You have to be nice.”
He made a noise low in his throat and started toward her. She shrieked and ducked away. In a matter of seconds he caught her.
In truth, she didn’t mind being dragged against him. Even as he pressed his mouth to hers, he caught her up in his arms and carried her into their bedroom.
“What about dinner?” she asked when he set her on her feet next to their bed and reached for the zipper at the back of her dress.
“I am hungry for other things.”
Murat worked through the messages left for him by his assistant. On the one hand he appreciated his new and warm relationship with Daphne. On the other, he found his workdays long and dull when compared with the nights he spent in her company. While his ministers spoke of the oil reserves and the state of the currency-exchange market, he thought of her body pressing against his and the way she cried out his name when he pleasured her.

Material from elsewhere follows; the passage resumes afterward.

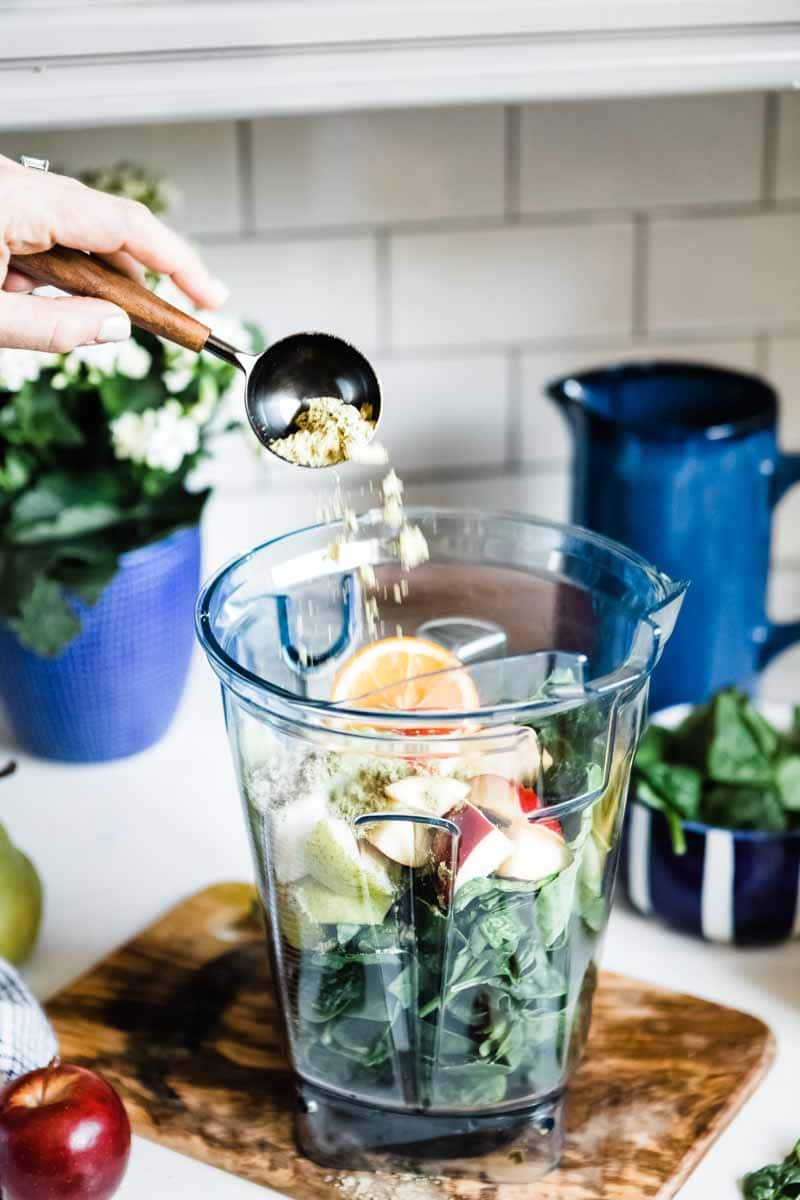 Plant-based protein powder added to glowing green smoothie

Things were as they should be, he thought contentedly. She had made her peace with her situation. Now they would grow together as husband and wife. There would be many children and a long and happy life together.
His assistant knocked on the door.
“Come in,” Murat called.
Fouad entered with several folders. “The king wishes to change your lunch meeting to this afternoon. It seems he is to dine with Princess Calah.”

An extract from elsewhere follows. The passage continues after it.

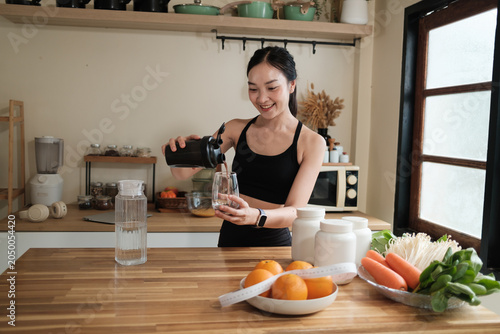 Woman preparing protein shake for health and nutrition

Murat smiled at the thought of his father having lunch with the charming toddler. “That is excellent. Have the kitchen send up a second meal to my suite.
I will dine with my wife.”
“Very good, sir.” Fouad set the folders on the desk. “I have had a call from our media office. Princess Daphne turned down an interview request from an American women’s magazine. They were surprised, as the publication is known for honest reporting. They were interested in making a connection with her, sir, not doing an exposé.”
“Perhaps she is not aware that such interviews are welcome. I will mention it to her.”
Fouad completed his business and left. Forty minutes later Murat walked into his suite to find the table set for two.
“This is a surprise,” Daphne said as she walked into the living room, then crossed the tile floor to kiss him. “A very pleasant one.”
“My father and I were to have lunch, but he chose instead to dine with a very attractive young woman. So I took the opportunity to spend some time with you.”
Daphne led him to the table. “Calah?” she asked.
“He loves that little girl.”
Murat’s gaze dropped to Daphne’s flat stomach. Did his child grow there? So far she had not gotten her period, nor had she offered to take a pregnancy test. He had decided to let her make the decision. If she was with child, he would soon know.
They sat across from each other and spoke about their morning. As she served them each salad, he mentioned the interview with the American magazine.
“You are welcome to speak with them,” he said. “I will not forbid it.”
“My flower heart trembles at your generosity,” she said in a teasing voice.
He pretended to scowl. “I can see I have been too lenient with you.”
“Not to worry, Murat. If I had wanted to give the interview I would have. But I wasn’t interested.”
Instead of answering, she mentioned that Billie and Cleo were planning a day trip to the City of Thieves and that she wanted to join them.
“Of course Billie wants to fly us there herself, and the king has said that would not be allowed. She’s too far along in her pregnancy.”
He watched her as she spoke, noting a slight shadow in her eyes.